Although today is the first Sunday of Advent, I want to finish out my trifecta of Thanksgiving hymns. It may seem that I’m complaining about modern worship music and praise songs, but I really do like many, if not most, of them. There is some really good music and lyrics being penned today, just as in days gone by. And just because a hymn is old doesn’t mean it’s any good. Charles Wesley, the great Methodist hymn writer who gave us “O For a Thousand Tongues to Sing,” “And Can it Be That I Should Gain,” and “Hark, the Herald, Angels Sing,” also wrote some pretty awful doggerel. I am blessed however, to have had the privilege of straddling both worlds of traditional and contemporary music. 

Tonight’s hymn is “Come, Ye Thankful People, Come.” It was written in 1844 by Henry Alford, Anglican preacher and scholar, whose critical edition of the Greek New Testament continues to be a standard text today. It is a celebration of the harvest that morphs into the harvest of souls at the end of the age, based on the parable of the wheat and tares, and the prophecies of the glorious second Advent of Christ.

1. Come, ye thankful people, come, 
Raise the song of harvest home! 
All is safely gathered in, 
Ere the winter storms begin; 
God, our Maker, doth provide 
For our wants to be supplied; 
Come to God's own temple, come; 
Raise the song of harvest home!

2. We ourselves are God's own field, 
Fruit unto his praise to yield; 
Wheat and tares together sown 
Unto joy or sorrow grown; 
First the blade and then the ear, 
Then the full corn shall appear; 
Grant, O harvest Lord, that we 
Wholesome grain and pure may be.

3. For the Lord our God shall come,
And shall take the harvest home; 
From His field shall in that day 
All offenses purge away, 
Giving angels charge at last 
In the fire the tares to cast; 
But the fruitful ears to store 
In the garner evermore.

4. Then, thou Church triumphant come,
Raise the song of harvest home! 
All be safely gathered in, 
Free from sorrow, free from sin, 
There, forever purified, 
In God's garner to abide; 
Come, ten thousand angels, come, 
Raise the glorious harvest home!


We have recently come through the harvest season, and have much for which to give thanks.
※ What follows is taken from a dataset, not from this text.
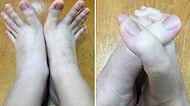 Bu Kadının, El Parmaklarına Benzeyen Aşırı Uzun Ayak Parmakları İnterneti Şaşkına Çevirdi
Alford’s poetry urges us to lift our eyes from the cycle of earthly harvests to that coming day when God gathers his people to himself in great glory. When I was growing up, sermons about the Second Coming of Christ were common. We were urged to prepare, to make sure we were ready for that day when he shall come “like a thief in the night.” Sadly, I don’t hear that kind of preaching much anymore. We seem to be much more focused on the day to day concerns of life instead of the “pie in the sky bye and bye” kind of preaching. Oddly enough, it is those who have their eyes fixed on the horizon who do best in finding their way through life’s maze. The older I get, the more interested I am in that coming day. Maybe it’s because I’m getting closer to it, but I am thankful tonight for this old hymn that connects ordinary events of this life to the extraordinary event that will usher in the next.